All these things must have influenced my restless, seeking mind. I am never content. I am always searching. There is no black and white in my world, just shades of gray.
This very thing came up in the book club discussion last night. One reader didn’t really understand Sophie’s quest to find passion in her marriage again. Her rage against middle age and mediocrity. She asked “Isn’t that just part of growing up and becoming a mature person? You accept the fact that passion fades?”
I cringed. I tried to explain. I quoted an article I had just read in the New York Times. Its premise was that the first two years of marriage were the most passionate but if a couple could make it through the next twenty years they could rekindle some of that fire when their nest was empty. If they tried new things together, they could see each other with new eyes and fall in love all over again.

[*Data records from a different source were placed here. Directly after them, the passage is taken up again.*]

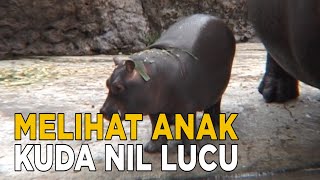 Melihat Lucunya Bayi Kuda Nil Di Taman Safari Jelang Siang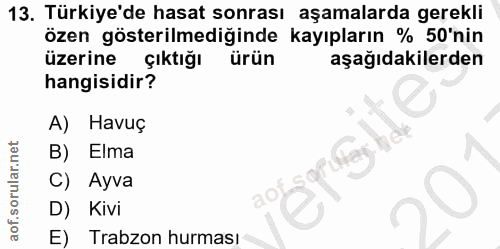 Soru 13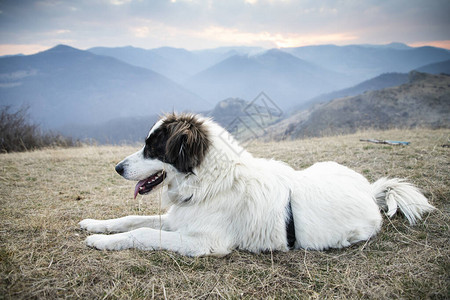 户外美丽的白色牧羊犬肖像图片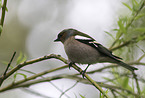 common chaffinch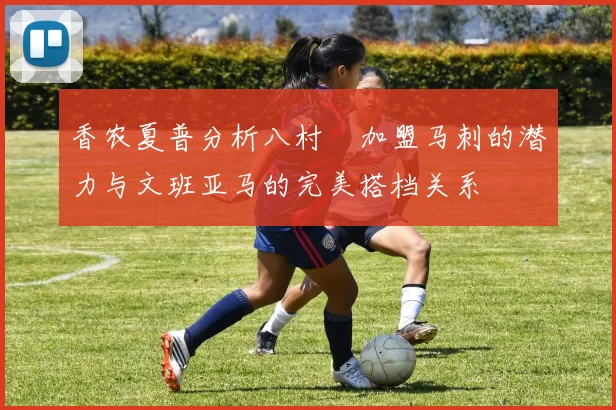 香农夏普分析八村塁加盟马刺的潜力与文班亚马的完美搭档关系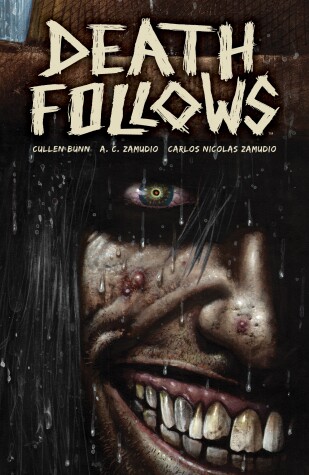 Book cover for Death Follows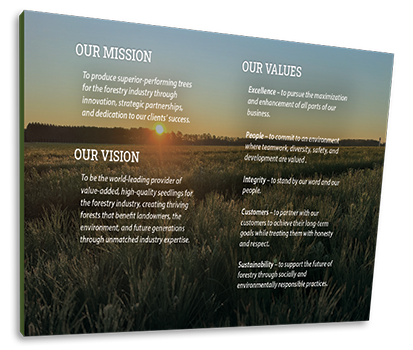 Mission-Vision-Values-Graphic-03 Mission Vision Values Graphic 03 Arborgen Tree Seedlings Home Page 2024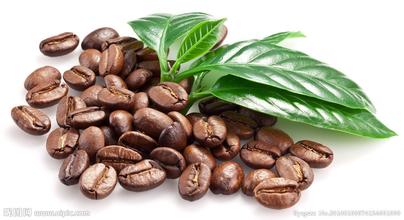 How many kinds of coffee beans are there? what are the African beans?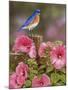 Bluebird with Hibiscus-William Vanderdasson-Mounted Giclee Print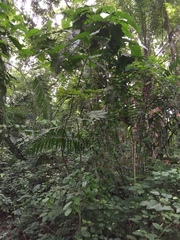 Oxyanthus unilocularis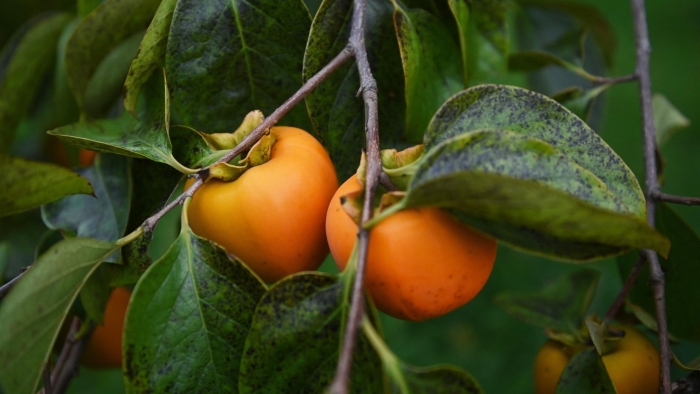 Хурма сочинская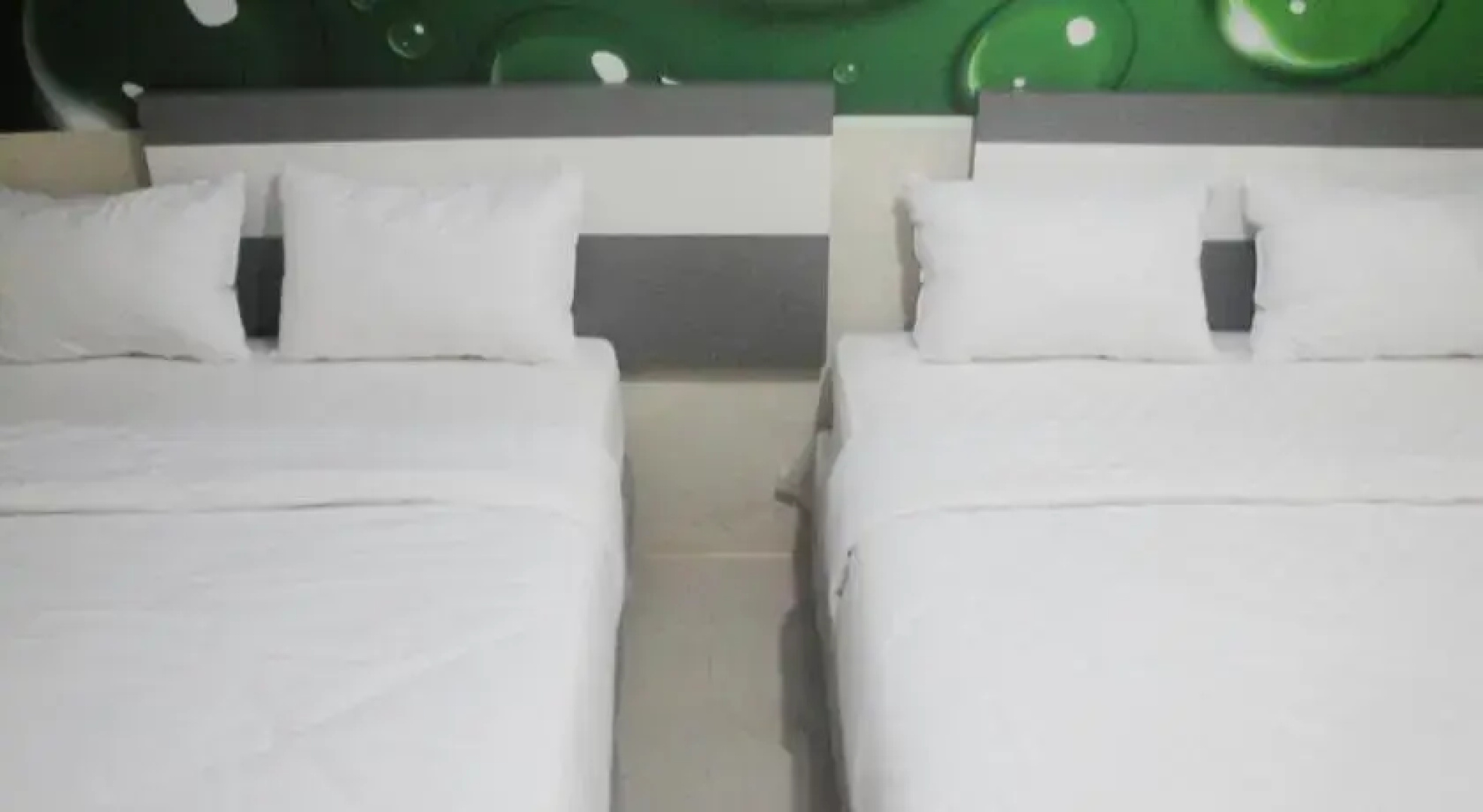 Guest House Bintang 3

I’ve always envied people who are content, who accept things the way they are. The people I worked with who decorated their cubicles like a cozy home and accepted the fact that though their job was boring and unfulfilling, they had a steady paycheck and health insurance. I tried to do this but I ended up decorating my cubicle with pictures of Caribbean beaches from last year’s calendar and dreaming of better views than my cubicle walls.
I have embarked on a new chapter in my life. It is a bit scary and there are a lot of unknowns. But one thing I know, I am happier. I walk with a spring in my step and I smile a lot more. My husband and are arguing less. I wouldn’t recommend this to everyone, quitting your job as the country sits on the fiscal cliff. Chasing a dream of writing for a living.
Last night before the book club, I made my sister and her husband a recipe from The Reverse Commute.
Here it is:
The Best Boy’s Chicken Parmesan
2 pounds of boneless chicken (use breasts or thighs-the Best Boy likes dark meat so he uses thighs)
A bowl of flour
A bowl with 3 eggs, beaten
A bowl of Italian style bread crumbs
Dip the chicken in each of the bowls -1st flour, then egg, then bread crumbs. As the Best Boy points out, you need to do this in the right order.
Heat oil in a frying pan and heat both sides until lightly browned.
24 ounces of spaghetti sauce (If your Aunt Helen lives next door you can run over and get some of her homemade marinara sauce out of the freezer. Otherwise, make your own sauce or use your favorite jar of store bought)
Spread sauce on the bottom of a baking dish, place chicken on top and cover with more sauce then sprinkle grated parmesan cheese on top. Place in a 350 degree oven for 15-20 minutes.
Meanwhile, bring a pot of water to a boil and cook ziti.
Enjoy and maybe you too will fall in love once again.